Binary Accuracy: 1.0


# Example results

In [19]:
print(f"0 b:{x[1,0]} + 1 b:{x[1,1]} = 1 b: {y_pred[1, :, 0]}")

print(f"0 b:{x[10,0]} + 10 b:{x[10,1]} = 10 b: {y_pred[10, :, 0]}")

print(f"0 b:{x[90,0]} + 90 b:{x[90,1]} = 90 b: {y_pred[90, :, 0]}")

print(f"1 b:{x[150,0]} + 23 b:{x[150,1]} = 24 b: {y_pred[150, :, 0]}")

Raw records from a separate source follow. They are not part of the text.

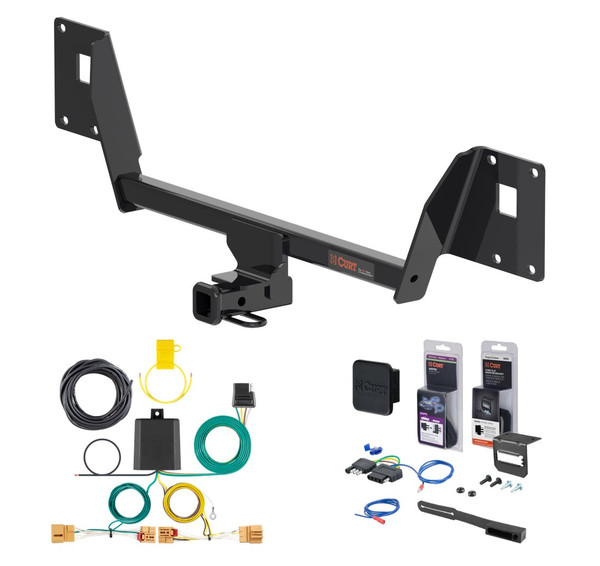 2018 - 2019 Volkswagen Golf R Curt 1-1/4" Class 1 Trailer Tow Hitch + 5-Flat Wiring Kit Tow Boat/Utility Trailer with Surge Brakes 11564 - CURT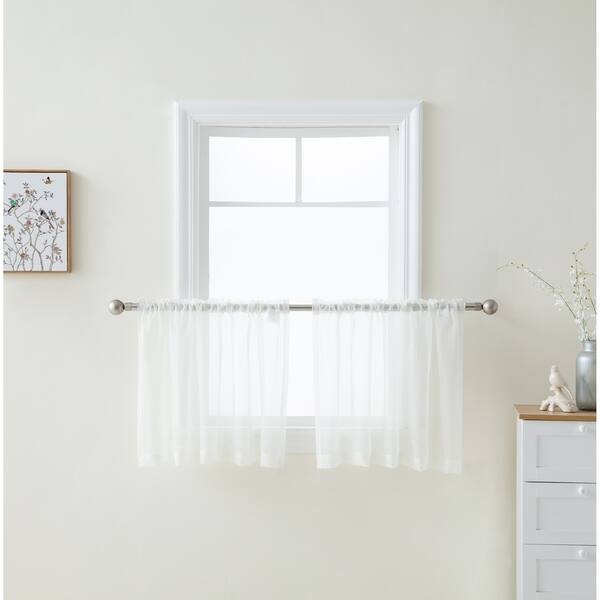 Shop Sheer Voile Window Curtain Panels Cafe Tier Valance Kitchen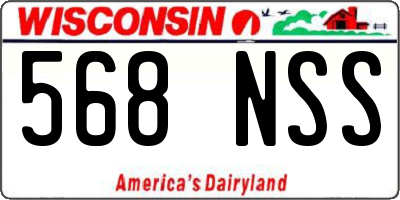 WI license plate 568NSS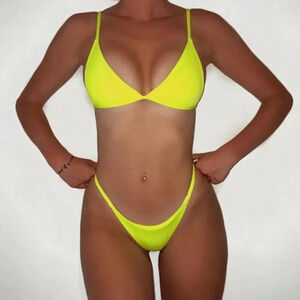 NEW! Neon Yellow Ribbed Strappy Triangle Bikini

0 b:[0. 0. 0. 0. 0. 0. 0. 0.] + 1 b:[0. 0. 0. 0. 0. 0. 0. 1.] = 1 b: [0. 0. 0. 0. 0. 0. 0. 1.]
0 b:[0. 0. 0. 0. 0. 0. 0. 0.] + 10 b:[0. 0. 0. 0. 1. 0. 1. 0.] = 10 b: [0. 0. 0. 0. 1. 0. 1. 0.]
0 b:[0. 0. 0. 0. 0. 0. 0. 0.] + 90 b:[0. 1. 0. 1. 1. 0. 1. 0.] = 90 b: [0. 1. 0. 1. 1. 0. 1. 0.]
1 b:[0. 0. 0. 0. 0. 0. 0. 1.] + 23 b:[0. 0. 0. 1. 0. 1. 1. 1.] = 24 b: [0. 0. 0. 1. 1. 0. 0. 0.]


# Summary

As we can see our model model performs perfectly. This is due to the fact that it is relatively simple learning problem. It is possible to make it more complicated, e.g. by adding diffrent operations like "minus" or "multiplication" or by using numbers in diffrent form e.g. in hexadecimal system.